Серый, пушистый, седые усищи, зеленоглазый, он и спал около моей кровати. И когда я садился за мои краски, кот всегда «присутствовал». Мне казался он огромным, светился, и свет его был как пасмурный день, спокойный, пробуждающий бескрайнюю мечту. Я сочинял ему всякие небылицы, разговаривал с ним, а он внимательно слушает; а иногда мне казалось, что и он мне что-то рассказывает, я прислушивался, старался понять… Так дружно мы жили. Я рисую, а кот лапкой чистится – «песни поет». Я его никогда не мучил; говорят, что коты это любят, не знаю: «любить боль!» – но терпеть, пожалуй; я не щипал, не дергал его за хвост, а тискал не чересчур, но моими любимыми красками я кота красил.

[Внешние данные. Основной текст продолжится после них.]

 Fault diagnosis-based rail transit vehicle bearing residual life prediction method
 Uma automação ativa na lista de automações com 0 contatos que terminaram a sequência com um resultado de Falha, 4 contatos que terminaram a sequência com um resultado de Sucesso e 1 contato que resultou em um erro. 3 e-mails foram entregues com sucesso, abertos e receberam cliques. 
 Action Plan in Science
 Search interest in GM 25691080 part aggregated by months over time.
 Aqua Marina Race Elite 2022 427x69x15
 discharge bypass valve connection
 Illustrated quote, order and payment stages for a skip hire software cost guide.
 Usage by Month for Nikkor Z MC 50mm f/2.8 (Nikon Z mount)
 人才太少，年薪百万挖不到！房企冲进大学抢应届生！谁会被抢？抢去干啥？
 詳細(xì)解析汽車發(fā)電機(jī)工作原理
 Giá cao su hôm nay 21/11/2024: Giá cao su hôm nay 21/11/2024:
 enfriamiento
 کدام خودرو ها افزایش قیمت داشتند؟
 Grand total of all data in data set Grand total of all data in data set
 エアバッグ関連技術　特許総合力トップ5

Я любил краску, любил и самый запах краски.

И если бы меня спросили тогда, кем бы я хотел быть, я не задумавшись сказал бы:

«Я хотел бы быть одним из Самойловских маляров».

Федор Никитыч Самойлов, церковный староста, в молодости рыжий, а теперь седой, зеленоватый, на «Благообразном Иосифе» в Страстную пятницу при выносе плащаницы, подпевая, плачущий золотыми в алом свете своей пылавшей свечи слезами, и в одноэтажном белом с зеркальными окнами доме – в Воробинском переулке в подвальном помещении жили маляры, – хозяин малярный.

Все лица я видел в осиянии, но всех осияннее мне виделись маляры: особенно был один – Матвеем звали, весь золотой, воздушный, и пел он тонко и как в красочной звучащей волне каминной кочерги, с какой-то уводящей тоской, – какие-то сумерки, какой-то пасмурный день, когда на душе все собирается: и то, что было, и чего никогда не будет, и то, что видел, и чего никогда не увидишь. А потом он очень смешно рассказывал с защелком-рифмой, пословя на манер протопопа Аввакума, и пахло от него хорошо: свежей замазкой на конопляном масле.